> WHAT TO WORK ON
Each line below must be reproduced exactly, though the pictures are to be dropped.

Captioned web image data
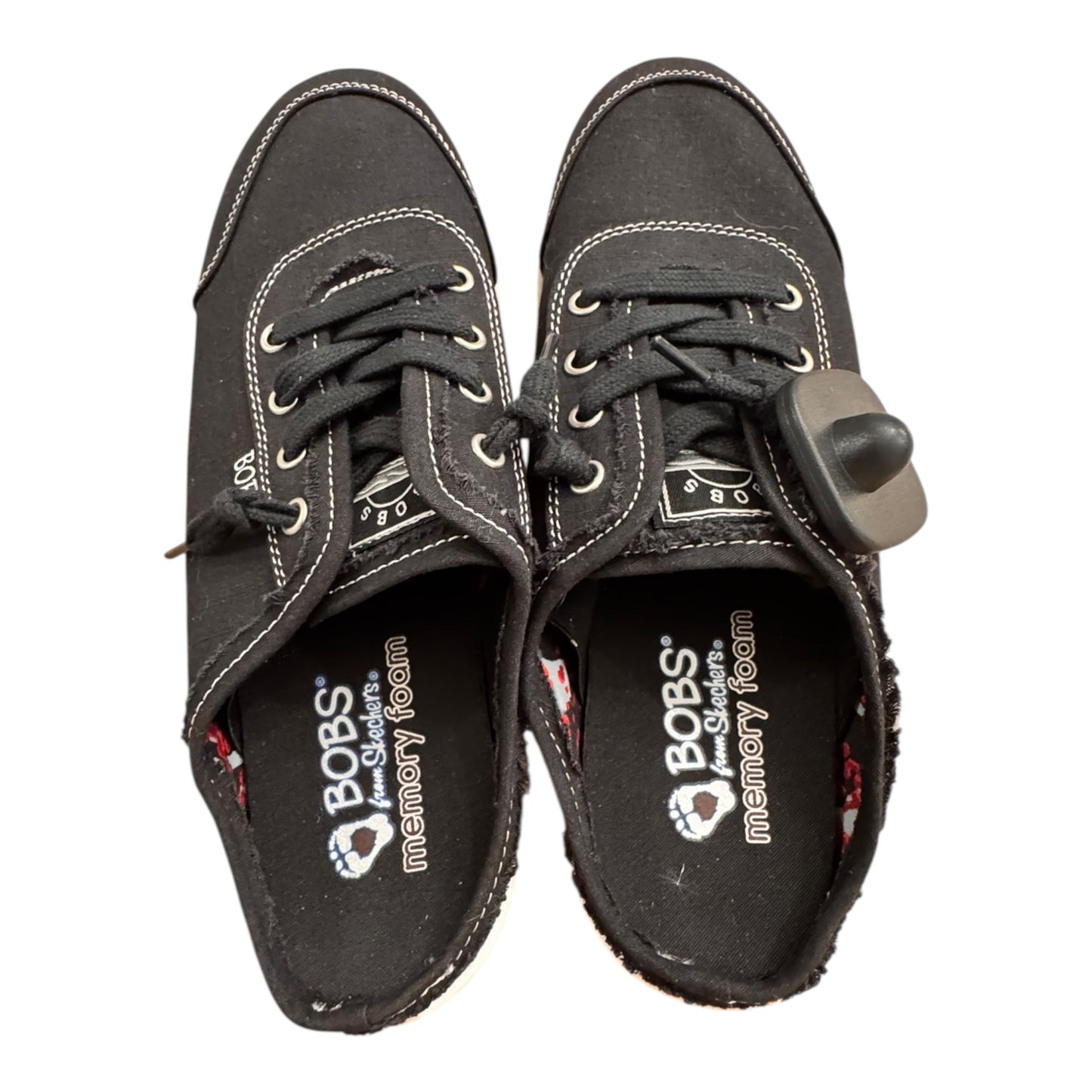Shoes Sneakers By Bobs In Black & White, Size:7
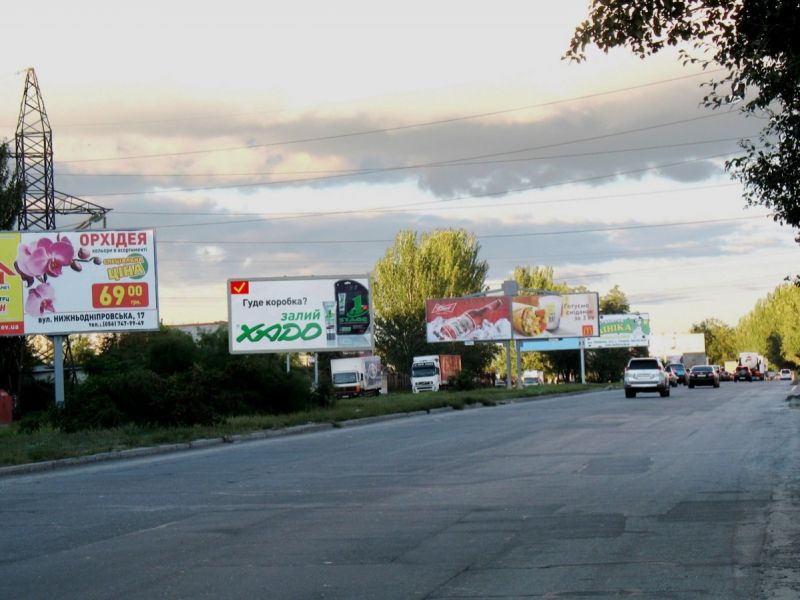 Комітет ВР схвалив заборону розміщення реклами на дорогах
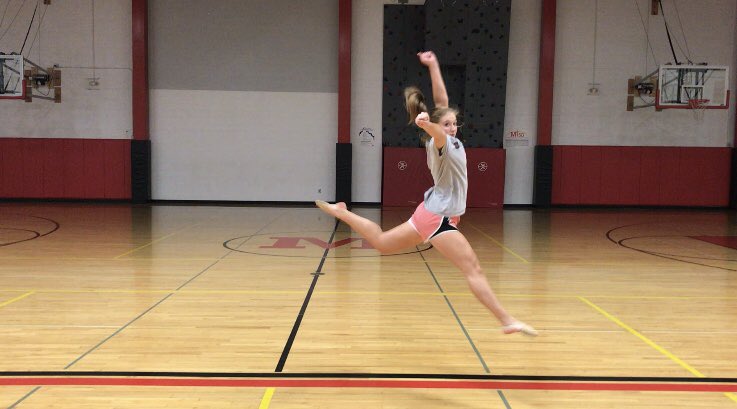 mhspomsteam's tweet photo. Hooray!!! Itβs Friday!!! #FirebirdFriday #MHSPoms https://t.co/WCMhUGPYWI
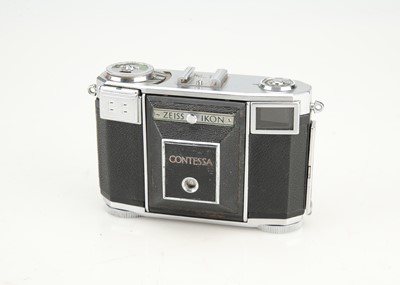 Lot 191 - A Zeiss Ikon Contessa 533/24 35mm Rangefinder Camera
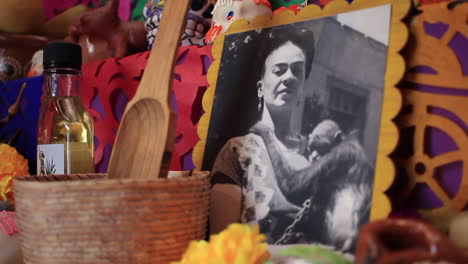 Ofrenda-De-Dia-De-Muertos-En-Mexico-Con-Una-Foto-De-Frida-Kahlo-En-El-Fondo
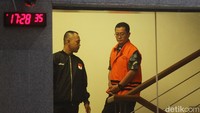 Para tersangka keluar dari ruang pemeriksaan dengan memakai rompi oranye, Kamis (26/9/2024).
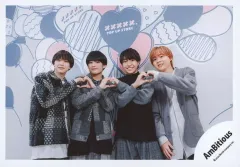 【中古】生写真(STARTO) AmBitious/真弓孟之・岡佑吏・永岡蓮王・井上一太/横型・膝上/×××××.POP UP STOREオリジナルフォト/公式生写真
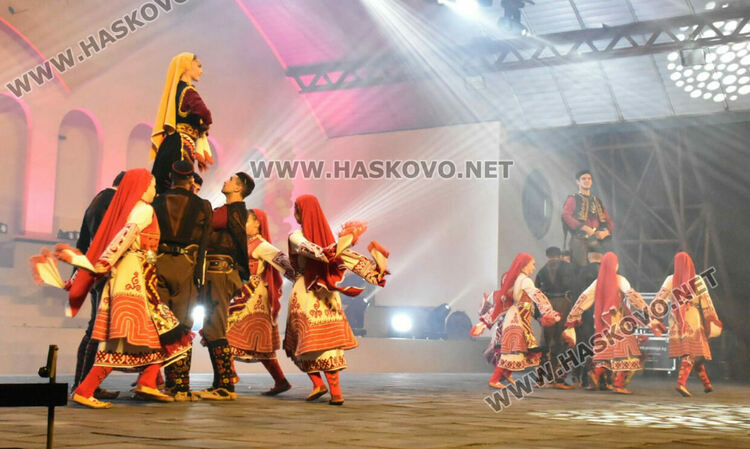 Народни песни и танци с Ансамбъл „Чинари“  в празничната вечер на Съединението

> REPLY
Shoes Sneakers By Bobs In Black & White, Size:7
 Комітет ВР схвалив заборону розміщення реклами на дорогах
 mhspomsteam's tweet photo. Hooray!!! Itβs Friday!!! #FirebirdFriday #MHSPoms https://t.co/WCMhUGPYWI
 Lot 191 - A Zeiss Ikon Contessa 533/24 35mm Rangefinder Camera
 Ofrenda-De-Dia-De-Muertos-En-Mexico-Con-Una-Foto-De-Frida-Kahlo-En-El-Fondo
 Para tersangka keluar dari ruang pemeriksaan dengan memakai rompi oranye, Kamis (26/9/2024).
 【中古】生写真(STARTO) AmBitious/真弓孟之・岡佑吏・永岡蓮王・井上一太/横型・膝上/×××××.POP UP STOREオリジナルフォト/公式生写真
 Народни песни и танци с Ансамбъл „Чинари“  в празничната вечер на Съединението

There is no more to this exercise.